「包括的」な合意文書に署名した米国のトランプ大統領と北朝鮮の金正恩朝鮮労働党委員長6月12日、米国のトランプ大統領と北朝鮮の金正恩(キム・ジョンウン)朝鮮労働党委員長は、朝鮮半島の非核化を目指した歴史的な首脳会談の後で「包括的」な合意文書に署名した(2018年 ロイター/Jonathan Ernst)

[シンガポール 12日 ロイター] - 米国のトランプ大統領と北朝鮮の金正恩(キム・ジョンウン)朝鮮労働党委員長は12日、朝鮮半島の「完全な非核化」を目指すことで合意、米政府は北朝鮮に安全保障を提供することを確約した。

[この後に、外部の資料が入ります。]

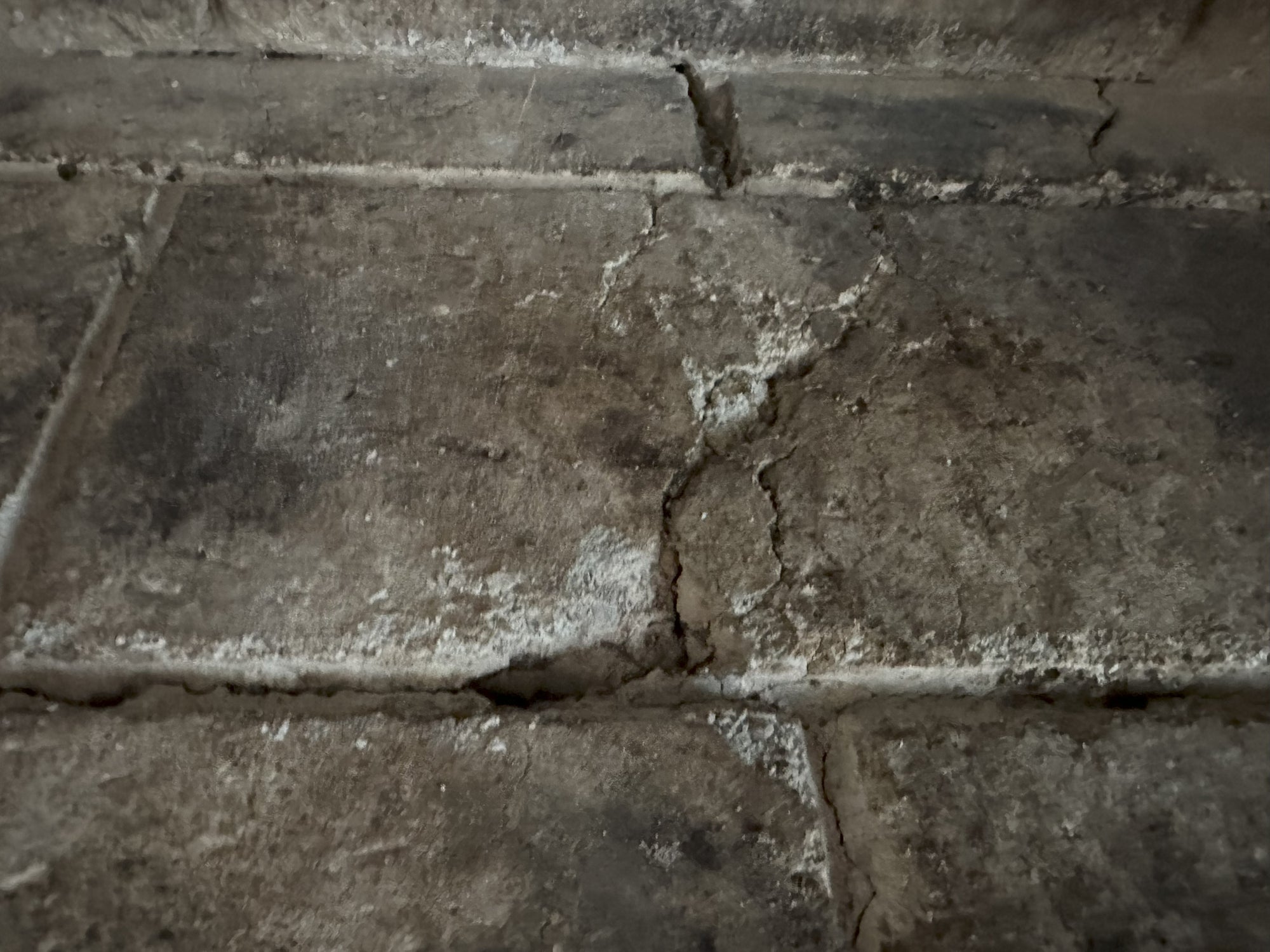 Closeup of a cracked fireplace / wood stove refractory brick panel to be replaced @ Canadian Forge with a custom casting to pass W.E.T.T. Inspections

 シンガポールで行われた史上初となる米朝首脳会議後に発表された共同声明では、「トランプ大統領は、北朝鮮への安全保障の提供を決意した。金正恩委員長は、朝鮮半島の完全な非核化への揺るぎない固い決意を再確認した」としている。

会談の冒頭、握手を交わすトランプ大統領と金正恩朝鮮労働党委員長6月12日、トランプ米大統領と北朝鮮の金正恩朝鮮労働党委員長は、シンガポールで史上初の米朝首脳会談を開始した。両首脳は会談の冒頭、握手を交わし、笑顔を見せた(2018年 ロイター/Jonathan Ernst )

 両国は今後も協議を継続するとしているが、具体的にどのように非核化を実現するのか、声明では詳細には触れていない。対北朝鮮制裁への言及や平和協定締結への言及もなかった。

 トランプ大統領は共同声明に署名後、北朝鮮の非核化手続きを早急に開始する見込みだと述べた。また、北朝鮮ときわめて特別な絆を築いたと述べ、「誰もが予想したより、はるかによい結果」となったと胸を張った。

 金委員長もまた、「歴史的な会談」後に新しい時代が始まると語り、トランプ大統領に対して謝意を表明した。